At around 11:20, and in the middle of a crowd that had gone out to enjoy Friday night in one of the city's most popular streets, a man arrived behind Palme. He put a hand on his shoulder and on the other he shot him a blow that hit him on the back. He made a second stroke, which touched Lisbeth, before climbing a staircase leading to a side street and lost in the night.

Pbadersby sought to immediately help the prime minister, now lying on the ground in the middle of a pool of blood. He was taken to the hospital six minutes after the attack and shortly after midnight it was announced that he had died.
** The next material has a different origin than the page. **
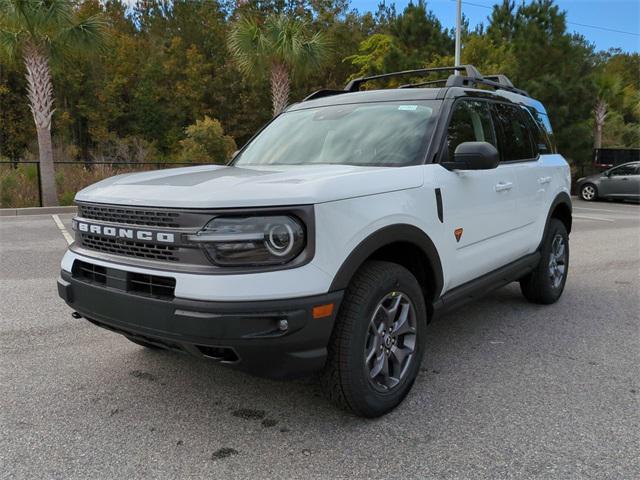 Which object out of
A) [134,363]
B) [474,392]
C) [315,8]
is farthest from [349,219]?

We will then know that the bullet cut his spine and that Palme was already dead when he fell to the ground.

Olof Palme with Fidel Castro. The Swedish Prime Minister was an important political figure of the 20th century. / AFP

Olof Palme with Fidel Castro. The Swedish Prime Minister was an important political figure of the 20th century. / AFP

Even though more than 20 witnesses have seen the attacker, this is the only data we have that is absolutely true in this case. From here we enter the field of theories and speculations.

Justice has never been able to determine who did it, nor reliably establish the motive of the crime. The police interviewed more than 10,000 people and the case includes so many volumes that occupy more than 250 meters of space. the record of a criminal investigation of the world ever more active.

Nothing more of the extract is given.